Tyler souriait, profitant de la vue. Son oncle avançait au rythme de la foule. Il s'assurait de temps en temps si son frère aîné le suivait à l'arrière.
— Qu'est-ce qu'on a été foutre là ? râlait-il.
— C'est toi qui nous suis.
— C'est moi qui suis censé vous ramener surtout.
— OH PAPA ! REGARDE ! IL Y A UN BANANAPHONE !
— Un gramophone, Tyler, un gramophone.
— J'irais bien faire un tour aux CD et aux livres. J'ai envie de claquer de l'argent.
— Fais ce que tu veux, t'es pas accompagné du ministre des Finances à ce que je sache.
Non et c'était bien vrai. Tulio était à plus de quatre-cents kilomètres, dans leur appartement, en train de se flageller la cervelle, de s'engueuler avec son ex. Dans un sens, cela le délestait qu'une autre prenne pour lui. Il avait envoyé paître son meilleur ami qui subissait un séisme émotionnel causé par une surcharge de stress. Son moral creusait sa propre tombe jour après jour. Miguel espérait que leur voyage allait le revigorer. Évidemment, le comportement de Tulio envers lui était aussi digne qu'il avait décrit lors de sa tirade railleuse avant de le quitter. Peu importait, le blond aurait tout oublié à la fin de la semaine malgré son tempérament rancunier. Il fallait de temps en temps un peu de calme et de distance pour les tensions s'apaisent et que les relations se remettent au beau fixe.

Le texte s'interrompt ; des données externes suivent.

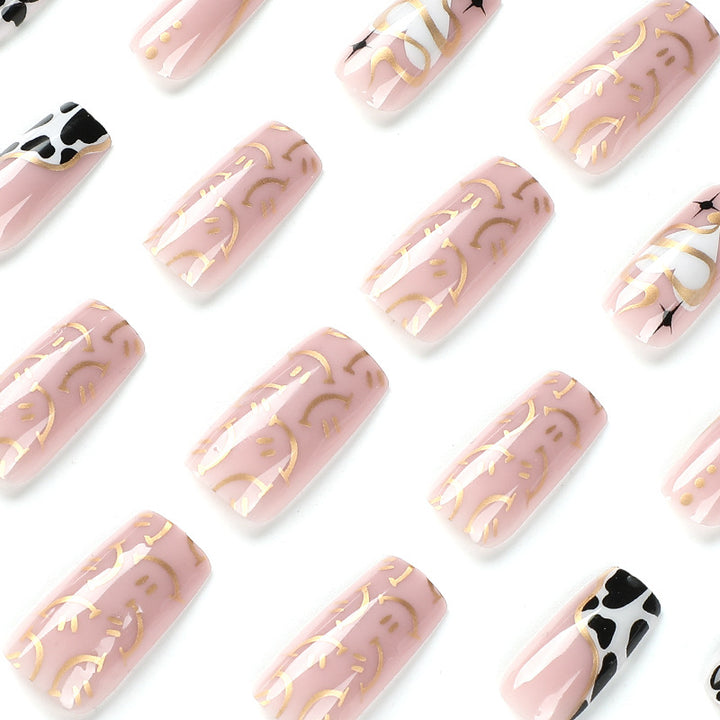 Artistic Nail Decoration Kalsten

El Rastro était une institution parmi les habitants de Latina, hélas, elle s'effritait avec les décennies. El Rastro n'était pas un immense marché de produits frais que l'on retrouvait dans les villes portuaires. Bon nombre de touristes cucul s'évertuaient à chercher le maraîcher ou le volailler. Pour autant, ce marché aux puces restait le plus ancien du Royaume d'Espagne, et l'un des plus vastes. Ce qui était dommage, pensait Santiago, au fur et à mesure qu'il attirait les touristes, les marchands de bibelots made in China proliférèrent. C'était mal considéré des puristes que certains puissent profiter d'El Rastro comme un marché de bric à broc étalé sur la plage. Tout bien considéré, qui donnait de l'importance à l'avis des puristes ? Ce furent les artisans effrayés de voir une multiplication de la concurrence, à des prix cassés, qui protestèrent face au phénomène.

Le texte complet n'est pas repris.